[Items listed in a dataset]
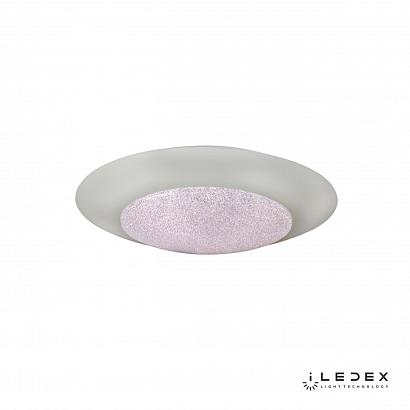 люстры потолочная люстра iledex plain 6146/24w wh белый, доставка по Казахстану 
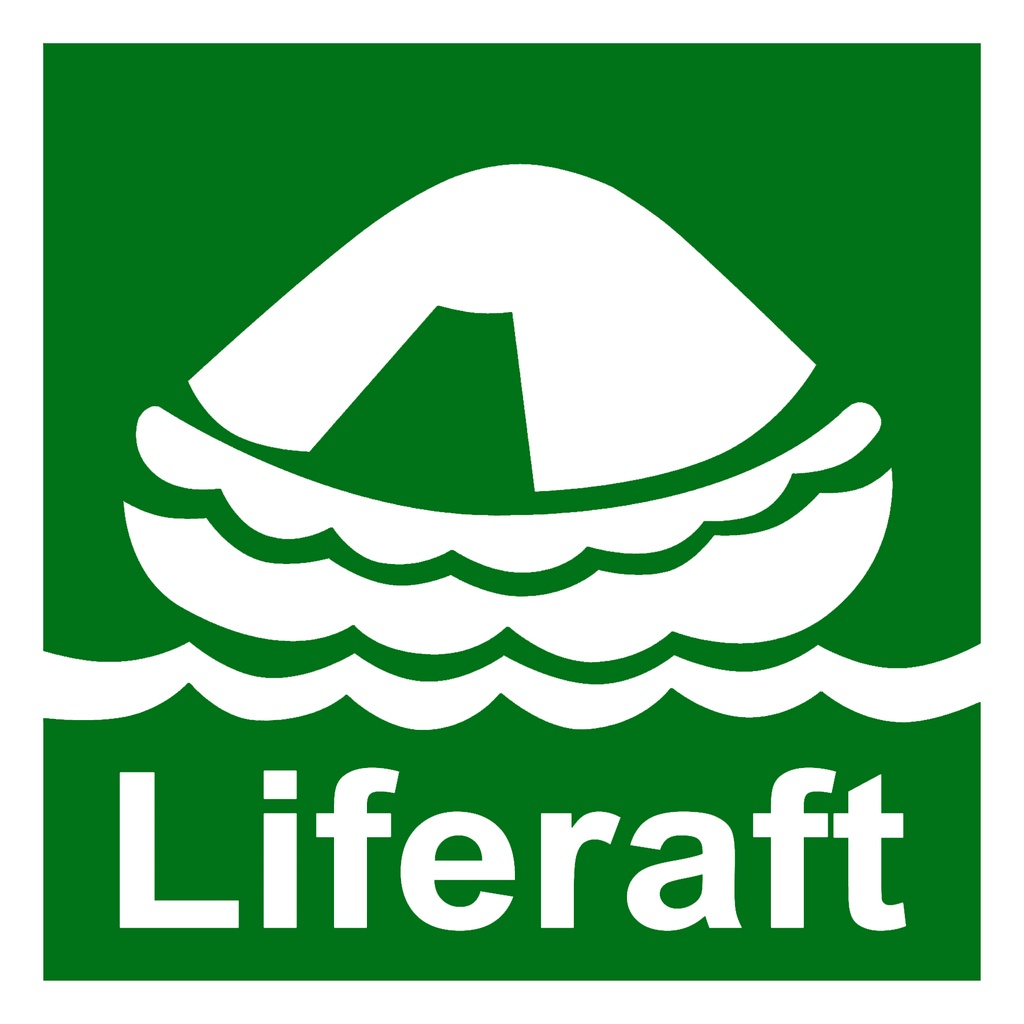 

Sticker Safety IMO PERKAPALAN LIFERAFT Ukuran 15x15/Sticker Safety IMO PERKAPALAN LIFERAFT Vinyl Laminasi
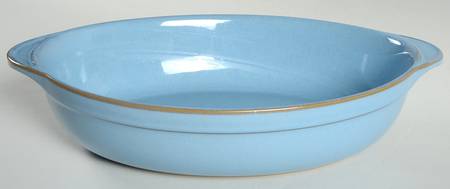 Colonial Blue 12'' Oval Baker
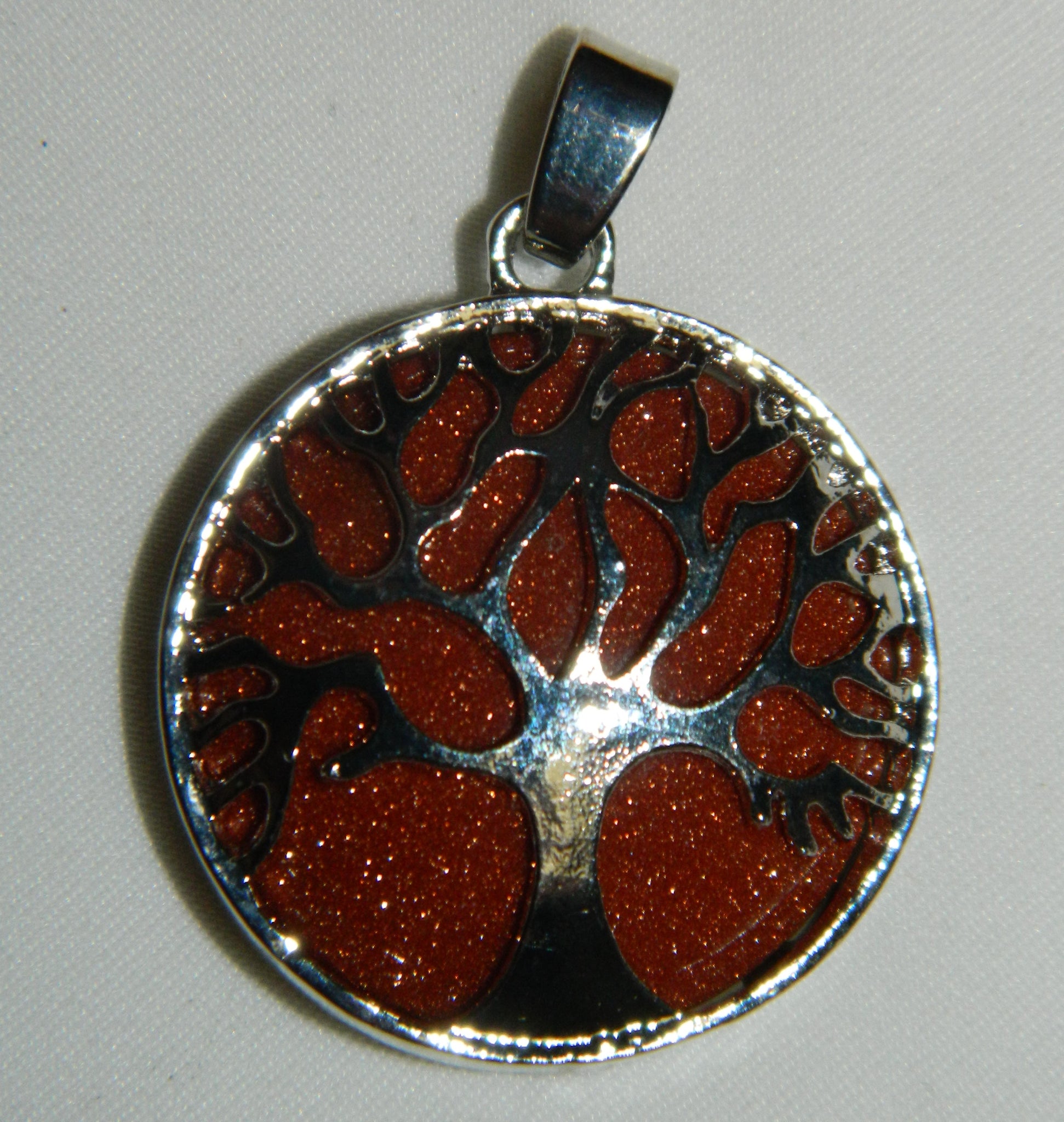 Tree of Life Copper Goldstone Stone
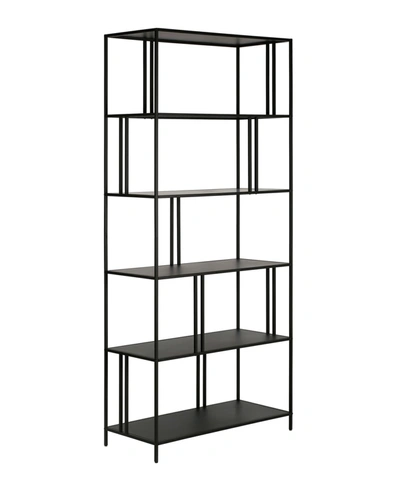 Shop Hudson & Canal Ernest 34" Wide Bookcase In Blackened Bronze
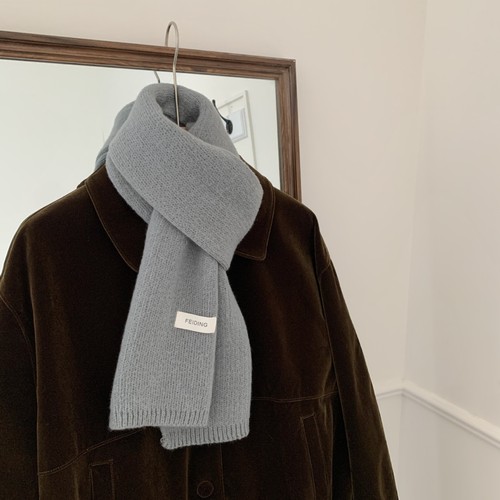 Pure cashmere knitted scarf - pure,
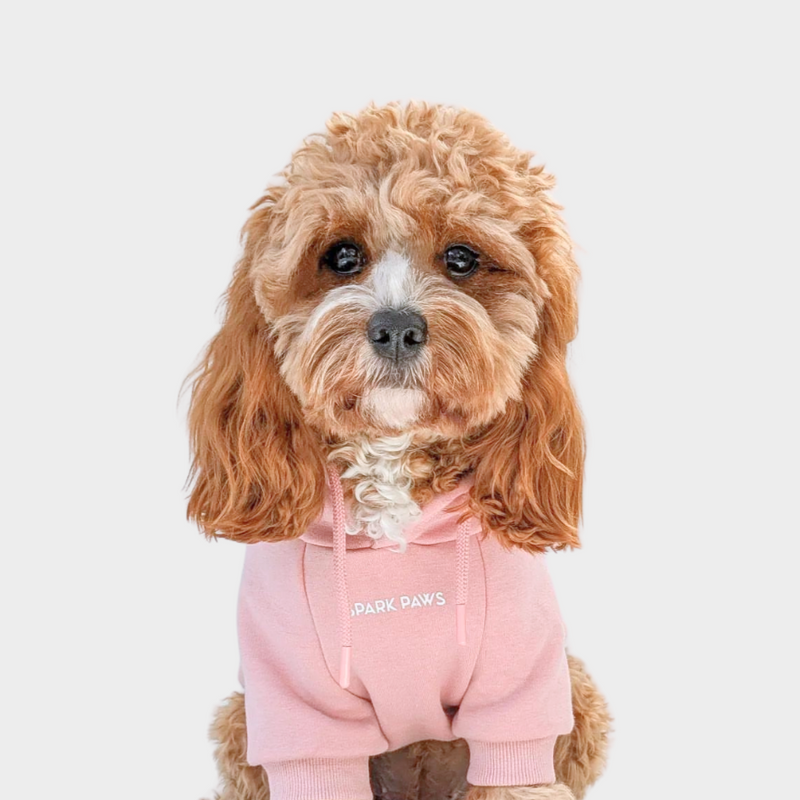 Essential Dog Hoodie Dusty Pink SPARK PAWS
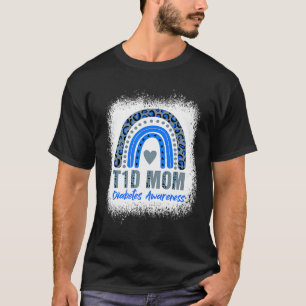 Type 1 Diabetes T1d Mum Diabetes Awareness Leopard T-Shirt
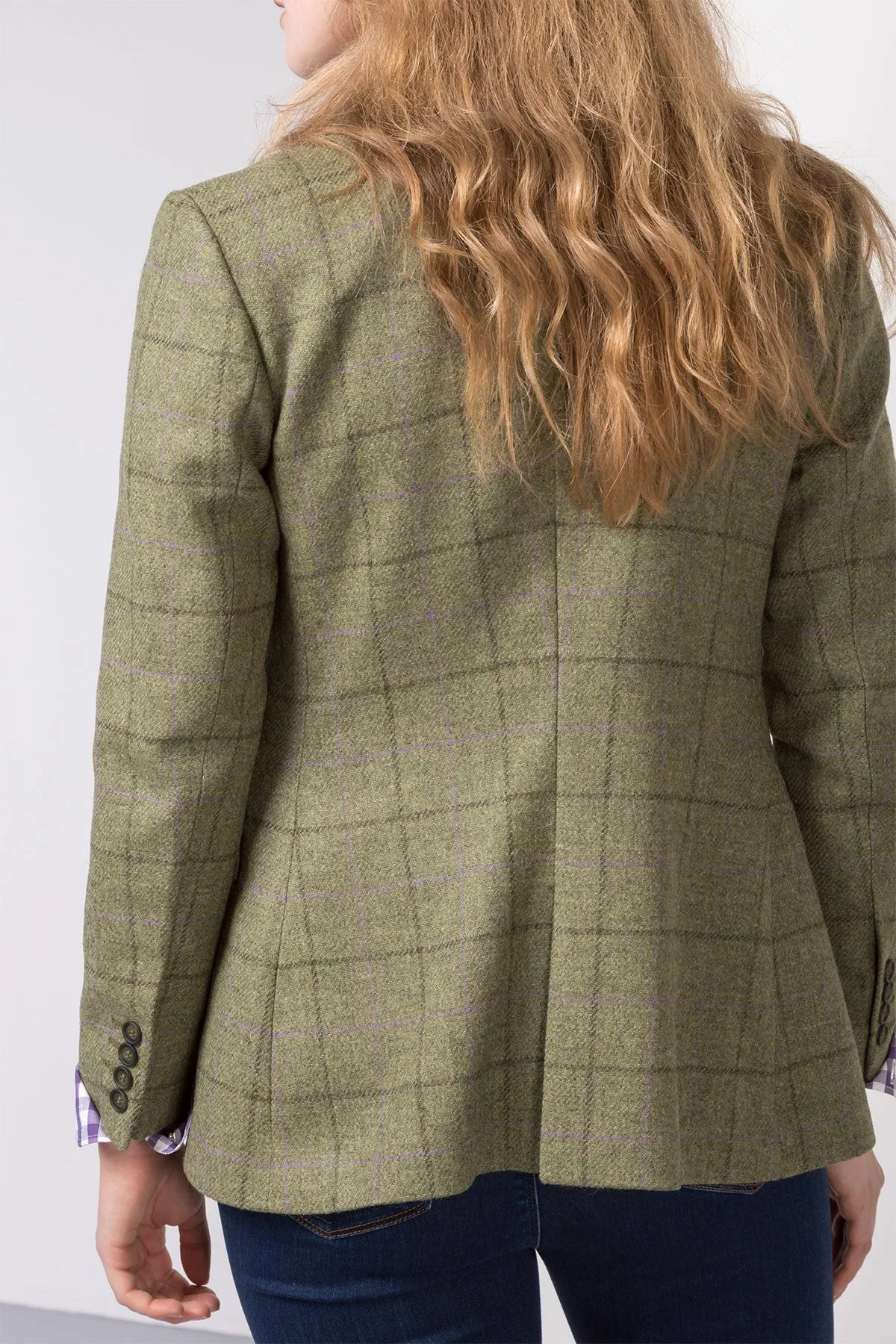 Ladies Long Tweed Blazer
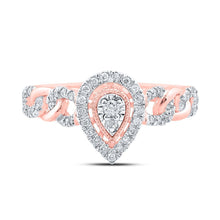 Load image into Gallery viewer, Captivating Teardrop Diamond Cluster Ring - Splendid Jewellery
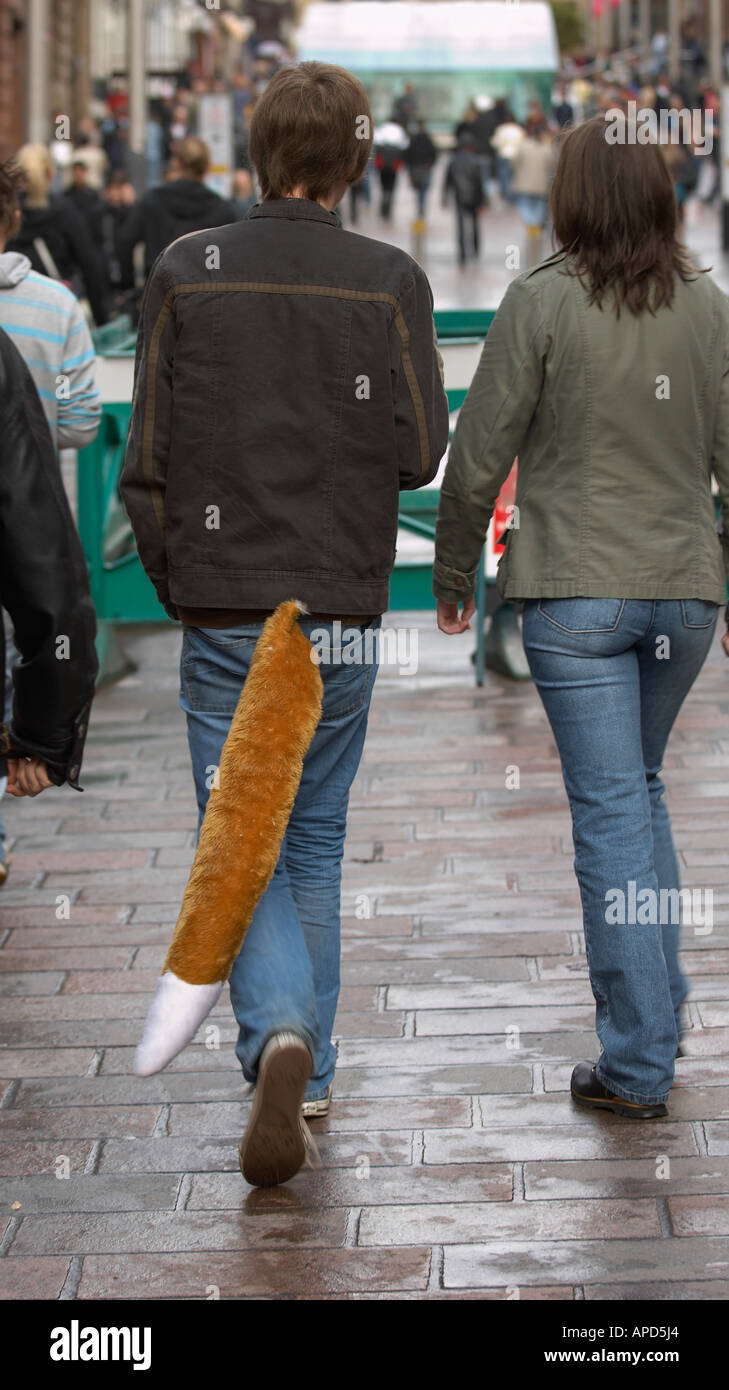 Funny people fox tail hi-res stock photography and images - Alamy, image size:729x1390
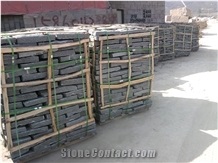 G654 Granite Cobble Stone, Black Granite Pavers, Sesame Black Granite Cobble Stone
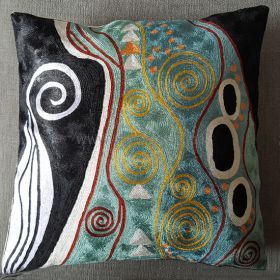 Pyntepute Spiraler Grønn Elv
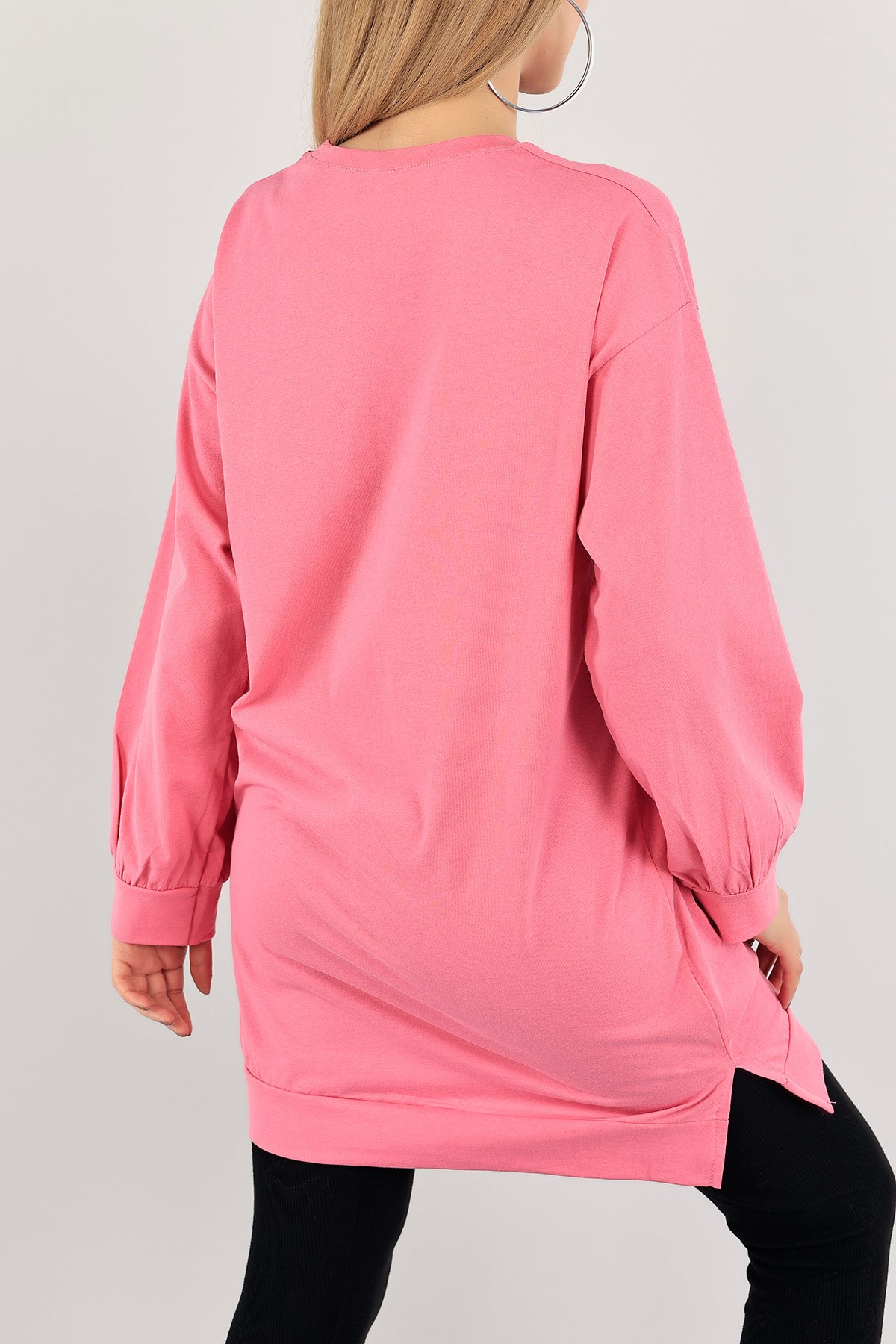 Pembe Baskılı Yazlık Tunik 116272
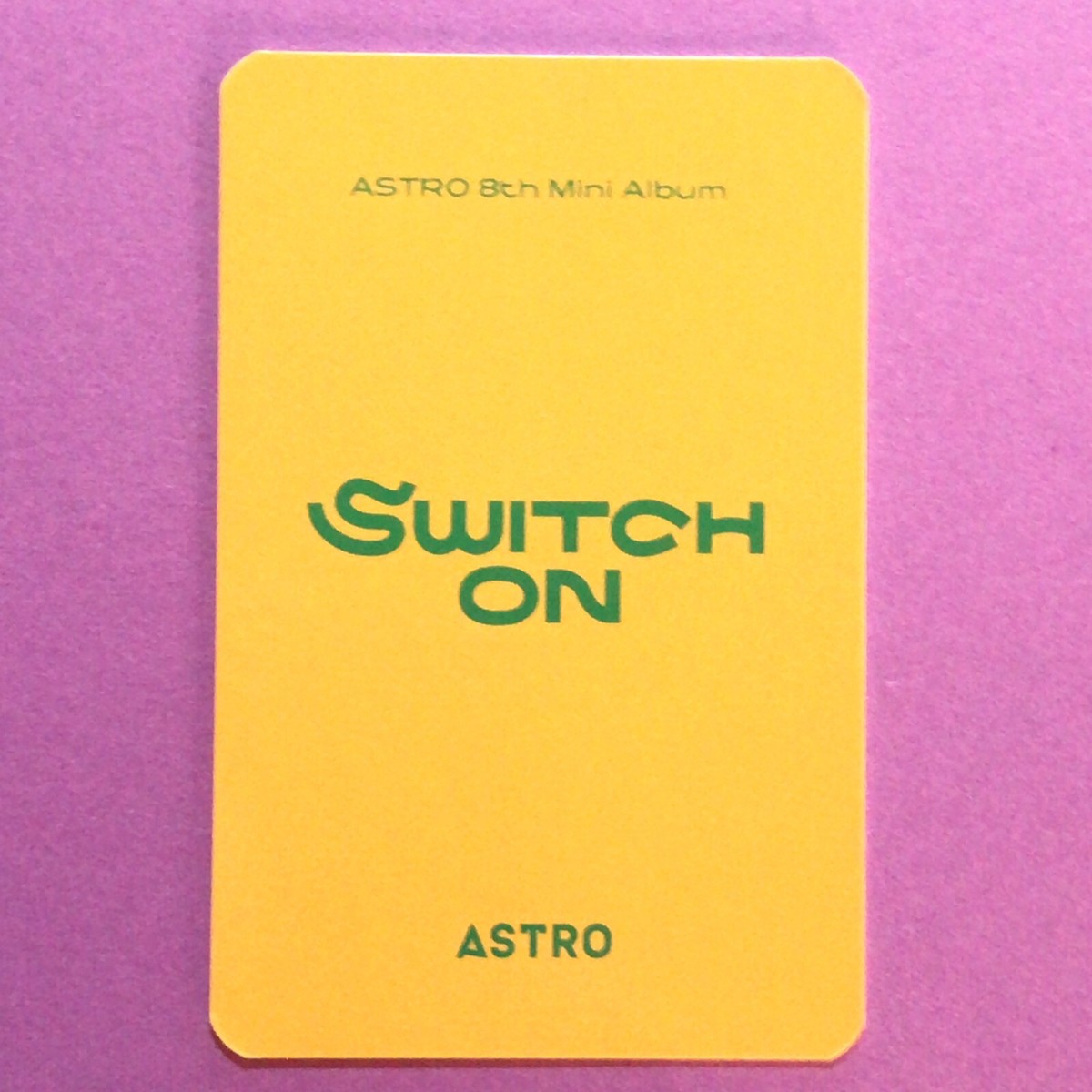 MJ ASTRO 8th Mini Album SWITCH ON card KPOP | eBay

## TRY IT
Output exactly the lines above, beginning at the one with "Type 1 Diabetes" and stopping after the one with "Funny people fox". Pictures are to be omitted.

## SOLUTION TO THE PROBLEM
 Type 1 Diabetes T1d Mum Diabetes Awareness Leopard T-Shirt
 Ladies Long Tweed Blazer
 Load image into Gallery viewer, Captivating Teardrop Diamond Cluster Ring - Splendid Jewellery
 Funny people fox tail hi-res stock photography and images - Alamy, image size:729x1390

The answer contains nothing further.